Pesquisadores de cibersegurança identificaram uma nova campanha de ataques cibernéticos que explora o Microsoft Copilot Studio, plataforma de criação de assistentes de IA, para roubar tokens OAuth corporativos. O golpe, batizado de CoPhish, usa engenharia social sofisticada para enganar usuários e obter acesso indevido a contas empresariais do Microsoft 365 e do Azure.

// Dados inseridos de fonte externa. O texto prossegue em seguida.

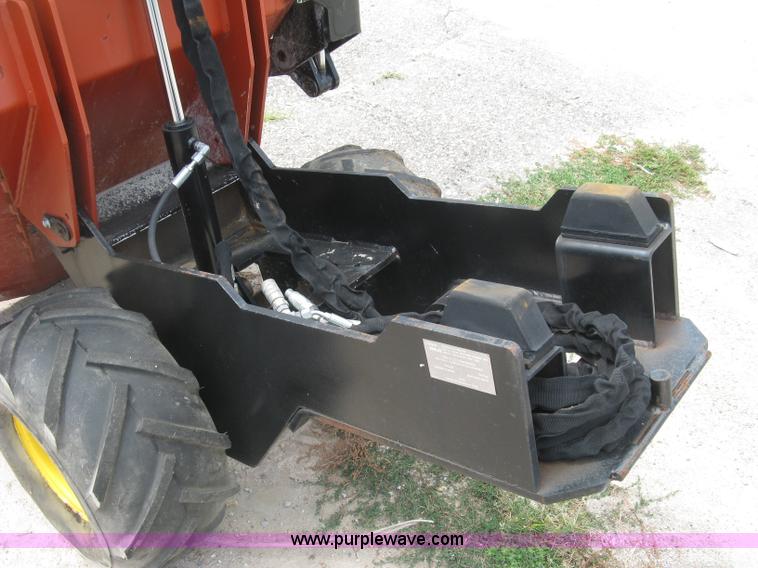 image for item K8744 2008 Ditch Witch Zahn R300 compact utility loader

O ataque funciona de forma sutil. Criminosos criam agentes aparentemente legítimos dentro do Copilot Studio e os divulgam como ferramentas corporativas seguras. Quando o usuário interage com o chatbot, é redirecionado para conceder permissões de acesso a um aplicativo malicioso, que solicita autorização via OAuth, um protocolo de autenticação usado para conectar serviços sem expor senhas. Por estar hospedado em um domínio legítimo da Microsoft, como copilotstudio.microsoft.com, o golpe ganha credibilidade e escapa de filtros de segurança.

Assim que a vítima concede as permissões, o invasor passa a ter acesso direto ao token OAuth, podendo agir em nome do usuário dentro de plataformas corporativas. Com esse token, os atacantes conseguem realizar ações sensíveis, como ler e enviar e-mails, acessar arquivos do OneDrive, consultar dados do SharePoint e até movimentar permissões administrativas. O risco aumenta em ambientes que permitem consentimento automático de aplicativos sem validação de administradores.

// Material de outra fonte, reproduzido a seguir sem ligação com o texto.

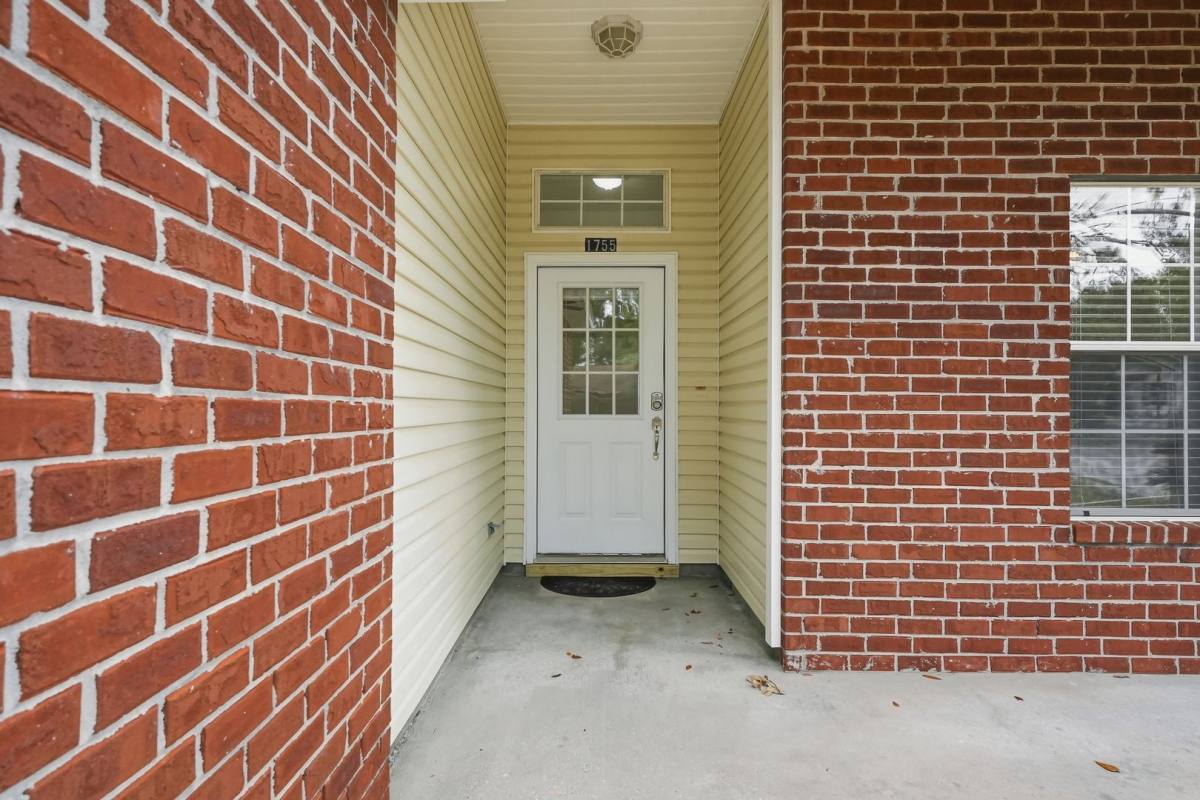 House for rent at 1755 Hopper St, Niceville, FL 32578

Segundo os pesquisadores, a tática é uma evolução dos tradicionais ataques de phishing. Em vez de pedir senhas, o CoPhish induz o usuário a autorizar o ataque com um simples clique, um cenário que dificulta a detecção por antivírus e gateways de e-mail. A técnica se apoia em um vetor de ataque classificado como “Consent Phishing” (MITRE T1528).

A Microsoft foi notificada sobre o caso e informou que investiga medidas adicionais para impedir o abuso do Copilot Studio. A empresa reforça que organizações podem reduzir o risco restringindo quem pode registrar aplicativos no Entra ID (antigo Azure AD) e exigindo consentimento administrativo para apps externos.